### Action item
Verbatim copy, pictures excluded: every line from the one with "Μικρό κορίτσι σε" through the final line of the data below, and no other line.

# # # # # # #

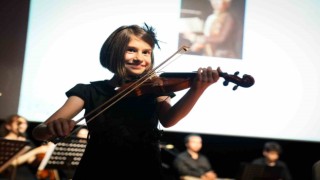 Ümraniye Belediyesi müzik akademisi öğrencilerinden yıl sonu konseri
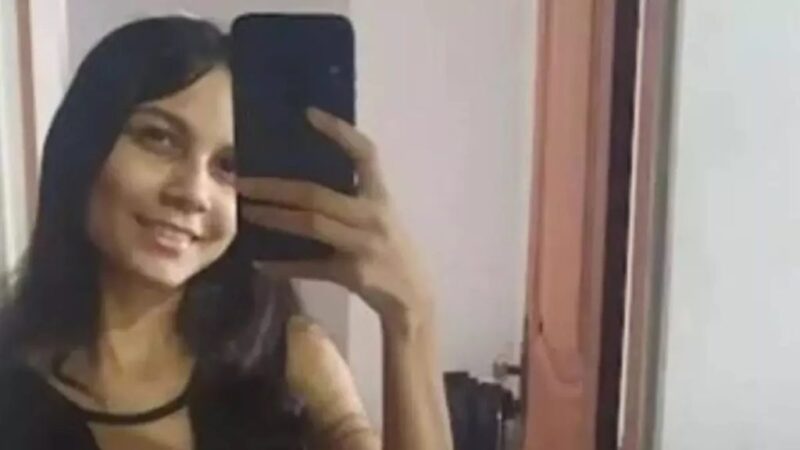 Jovem é encontrada morta, nua e com sabão em pó no corpo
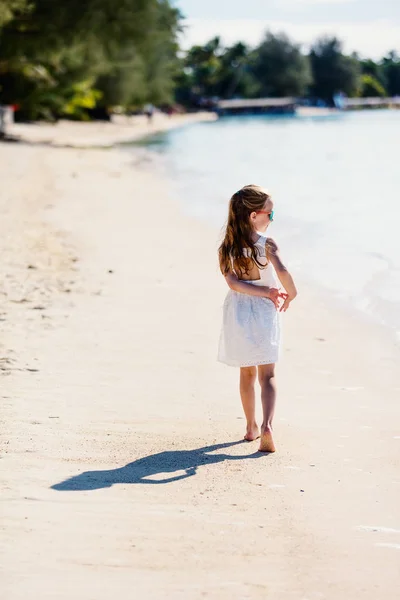 Μικρό κορίτσι σε διακοπές — Φωτογραφία Αρχείου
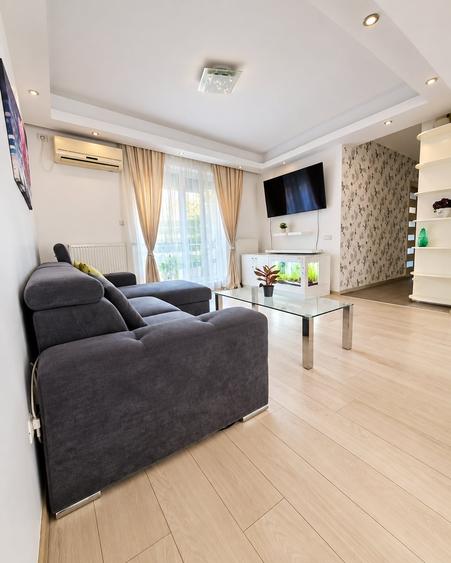 Apartament cu 3 camere semidecomandat, mobilat în Fundeni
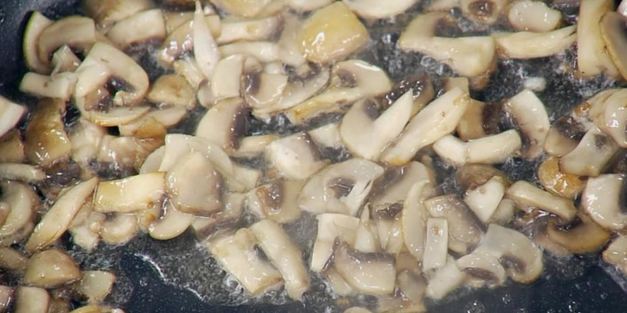 жареная картошка с шампиньонами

# # # # # # #

### Answer to the problem
 Μικρό κορίτσι σε διακοπές — Φωτογραφία Αρχείου
 Apartament cu 3 camere semidecomandat, mobilat în Fundeni
 жареная картошка с шампиньонами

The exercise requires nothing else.